In school, Salim learned national history through a Zionist lens, a view he began questioning in high school. Once, a teacher repeated what Salim had always been taught—that the Jews came and created a garden out of barren desert, that the Arabs left even though the Jews tried to persuade them to stay—and Salim spoke up.

“Look out the window,” he said. “You see those orange groves? That was my family’s. See that church? Those houses? They belonged to Palestinians.”

Meanwhile, Salim got an early taste of what unity could look like. In the ’70s, he attended a Bible study at his uncle’s house that included both Palestinians and Jews. Many Jews were coming to faith in Jesus at that time, and since Salim spoke fluent Hebrew, he led Bible studies for these young Jewish believers.
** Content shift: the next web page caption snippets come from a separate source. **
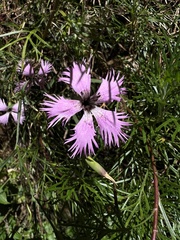 Dianthus pygmaeus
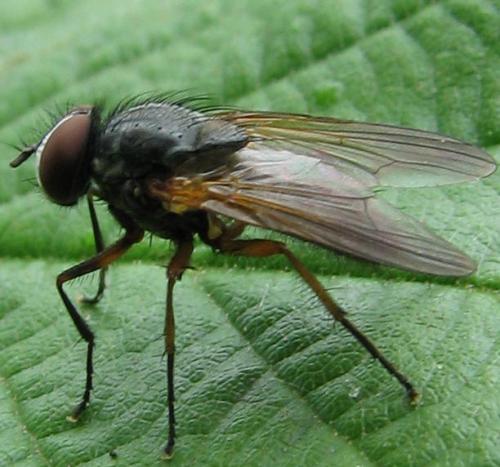 Fannia lustrator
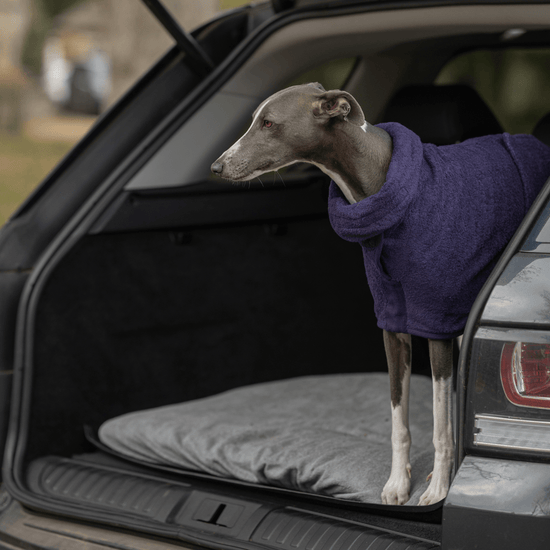 Ruff And Tumble Classic Dog Drying Coat in Blackberry Purple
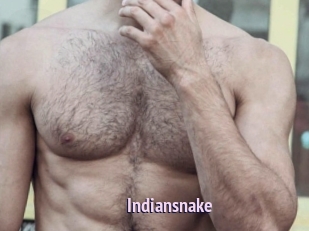 Indiansnake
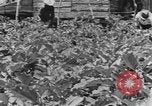 Image of National Youth Administration Puerto Rico, 1941, second 57 stock footage video 65675058626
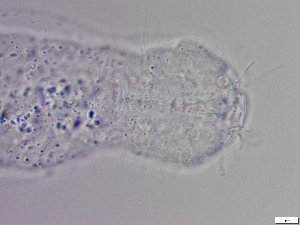  ( - GA_5.2)  @11 [ ] Copyright (2016) Malgorzata Kolicka Department of Animal Taxonomy and Ecology; Adam Mickiewicz University, Poznan
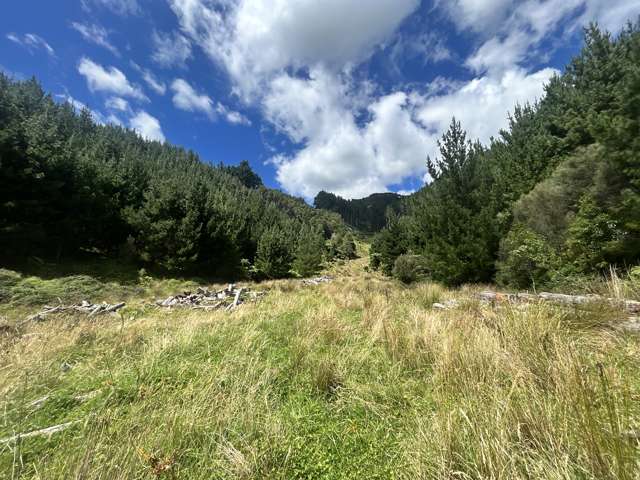 In The Heart Of Okoki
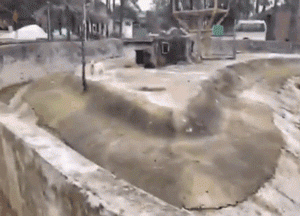 动物园狼区惊现一只中华田园犬，园方：已同居5年，相处融洽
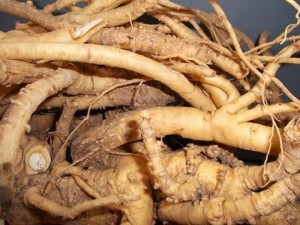 Bán nguyên liệu cao khô Đinh lăng (tan hoàn toàn)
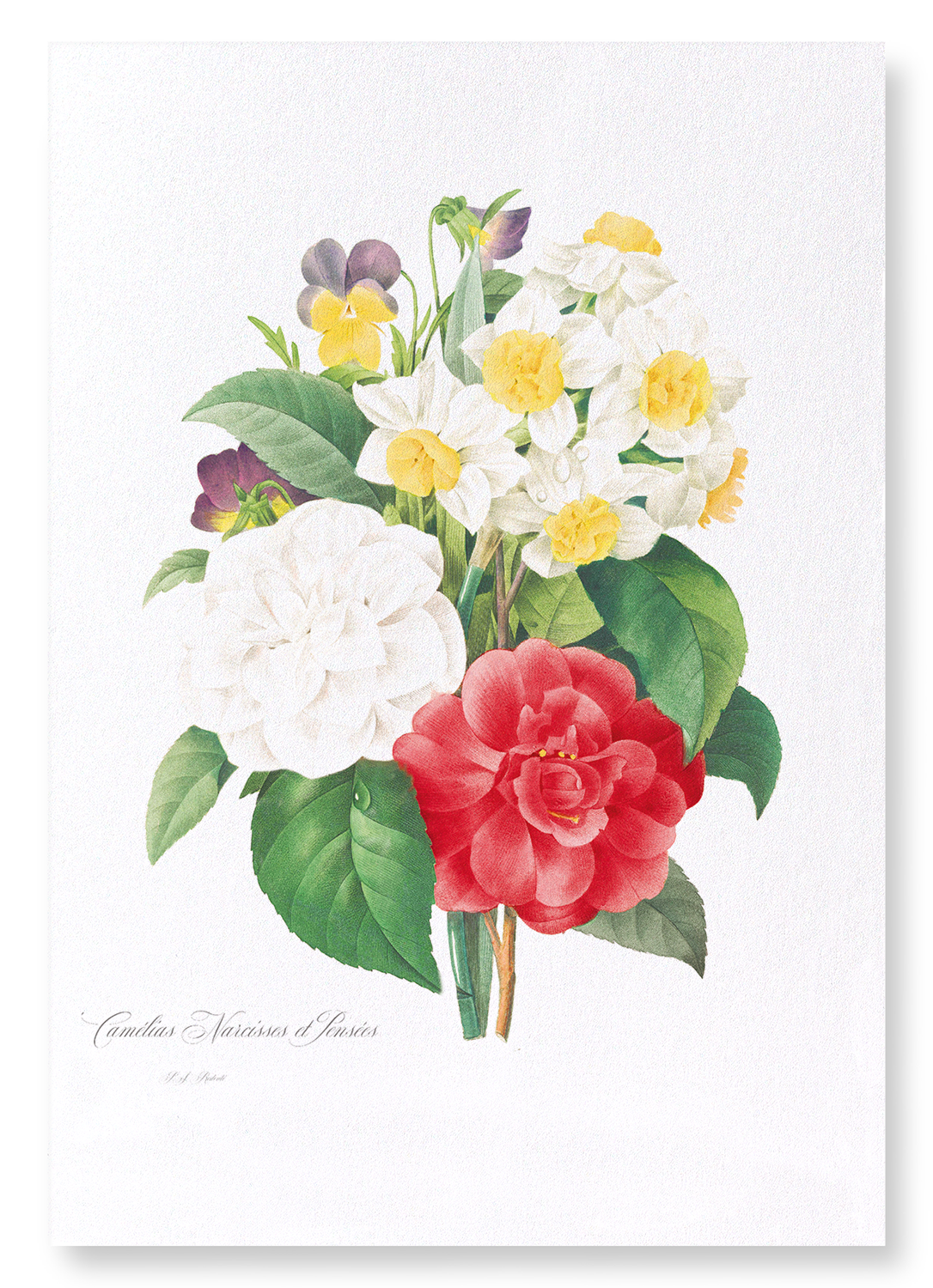 PANSIES, NARCISSUS & CAMELLIA: Botanical Art Print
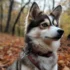 Pomsky Puppies for Sale in Illinois – Find Your Perfect Pomsky Companion!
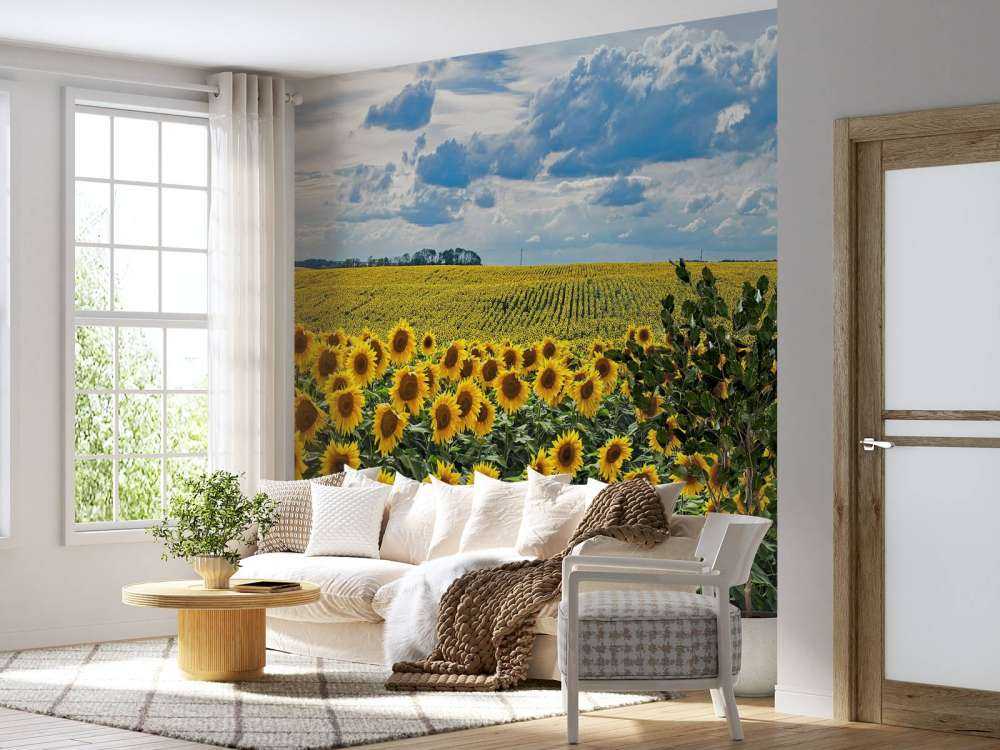 Prato pieno di girasoli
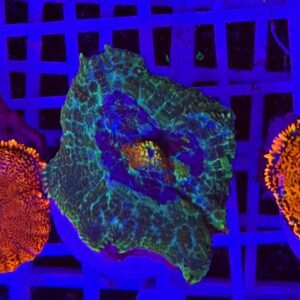 Rhodactis Orange Core Sentinel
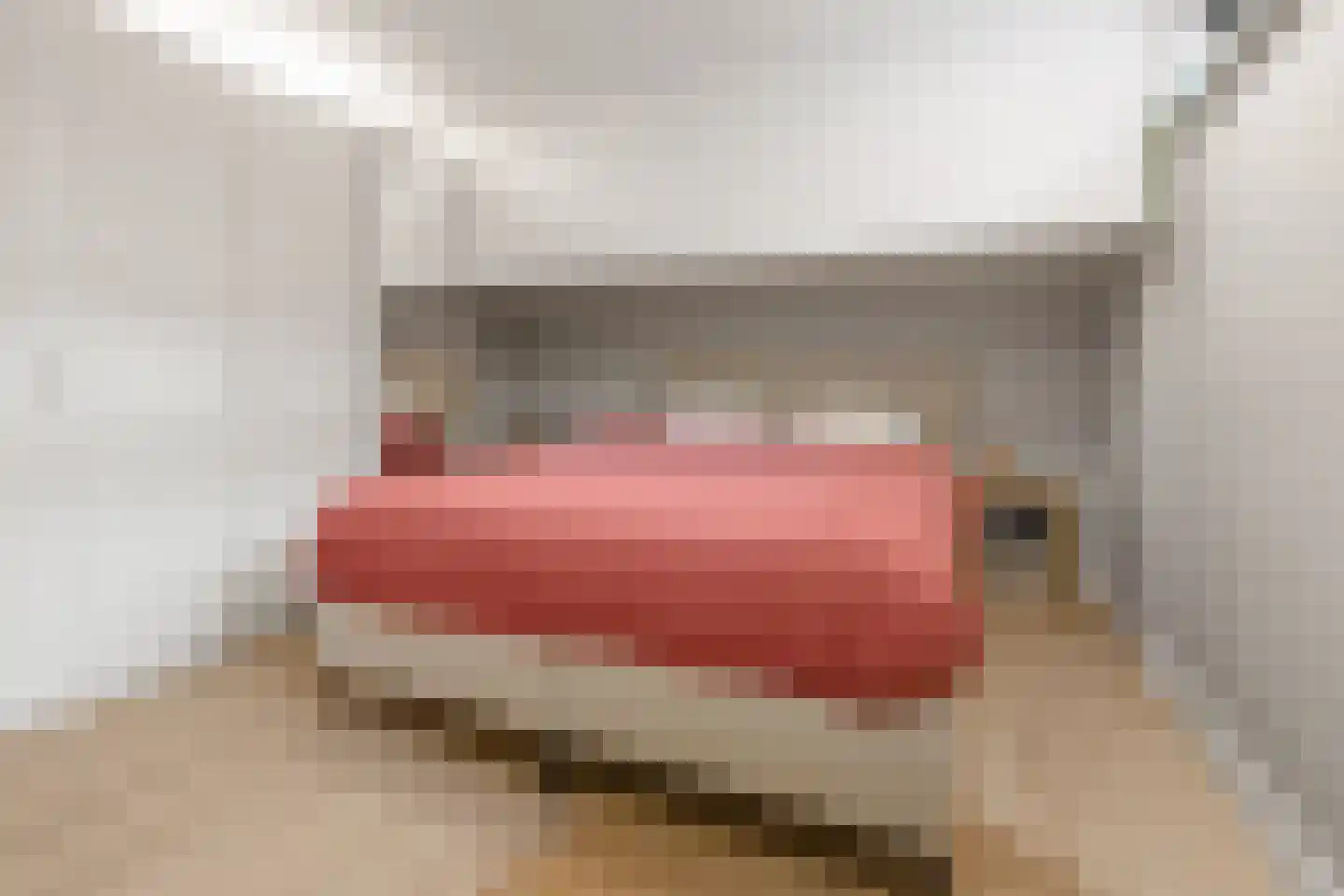 Gramserweg 47 E Austerlitz thumbnail 33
The group grew from a few converts to a hundred. The experience was formative; Salim went on to study theology at Fuller Theological Seminary in California, then came back to Israel in 1985.

A year later, Salim started teaching at Bethlehem Bible College in Bethlehem, West Bank. That was the first time Salim witnessed life for Palestinians under occupation. “I was in shock,” he recalled. He saw members of the Israel Defense Forces (IDF) beat Palestinians, force them to stand in the rain, and humiliate fathers in front of their children. He saw his Israeli friends—the same warm people he had hung out with in college—transform into unrecognizable aggressors in olive-green uniforms.

The First Intifada, which means “shaking off” in Arabic, began in 1987 and lasted six years. Palestinians mainly protested Israeli occupation through mass boycotts, barricades, and civil disobedience, but many also resorted to violence like throwing rocks and Molotov cocktails.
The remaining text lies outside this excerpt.